Bitcoin Forum

8btc report (http://8btc.com/thread-7520-1-1.html):
BTCT.com is a bitpay-like website in China, featuring online hashrate trade.
As per the official statement (http://BTCT.com), hacker hacked the wallet server and use RPC command to dump private key and then get away with coins.

tx：https://blockchain.info/zh-cn/tx/392195d6f1f615c2a1b8fde7dbecbcbe5d332bd6ee83d0dcc3b66567c6c2af32

Currently the merchant page is down only with the statement on its frontpage.
20 btc bounty was placed to hunt down the hacker.

I'll never trust any online service be that a wallet and or an exchange.

All boast 100% secure and what not but this just goes to show again that if there is a will there is a way.

Agreed, how can you achieve "Security and control over your money" when you are trusting somebody else with it (Counter-party risk)?

I'm not surprised with this news.
It seems nothing is 100 % secure online today.
This is risk we have to accept by using online services.

When the companies are supposed to store most of their funds in cold wallets, how is it possible that they loose so much funds. Alternatively, if 107 btc's only accounts for lets say 3-5% which might be kept in the hot wallet, then it shouldn't matter as the company should be able to pay back their customers if not instantly, then within sometime by their operating incomes.

The fact however remains that if a Webserver has access to the wallets, their is always a possibility of hacking. There is not much any of us can do as the hacks keep evolving and if you dont know about a vulnerability, then there is not much you can do to prevent it. Its not like the Crypto companies are as big as google that they can be on top of everything. Thus, the only option is to sever the link between the webserver and the wallet server and still make them talk somehow. Its very difficult to do but possible.
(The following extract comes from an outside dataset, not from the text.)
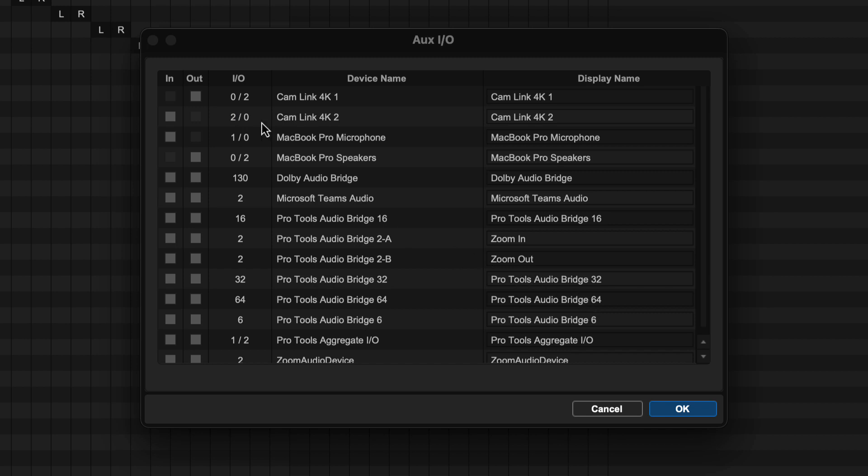To add a device, simply check the in or out box. For physical devices, you can add both in and out, while virtual devices can be assigned either in or out to avoid feedback loops within the software.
Yeah, it sounds like they weren't following best practices for the safe keeping of their BTC if they were able to run off with that much. Never store that much BTC in a hot wallet =/

This sites never ensure enough security....

How do they sleep at night holding customer funds and not ensuring at least basic parameter of hot and cold wallet. I saw on their site, they have written that they will return the customers funds so they must be employing cold and hot wallet. This must be a very small amount compared to their deposits.

Let me guess. BTCT is one of those exchanges that tries to attract deposits via interest-bearing accounts?

Yeah - they got 'hacked'.

...and now their website is offline.

...aaaaand it's gone.

What do you mean by 'attract deposits via interest-bearing accounts' ??? And how is that relevant to hacking? Please explain.

clear.

crappy php website..

when will people learn to not have their wallets and trade engines on the exact same server as the customers GUI.

not
(user)----(whole business function server)

but it should be
(user)----(PHP echo/RUBY GUI server)-----(trade engine server)------(wallet server)

by having the important stuff on a separate server, DDos attacks wont stunt functions of the engine or wallet functions. and you can even mirror the echo/guy server if a DDOS occurs to keep connections active
aswell as allowing security precautions to be added at each server to triple secure the whole plan so that hackers can be spotted before getting to the wallet server.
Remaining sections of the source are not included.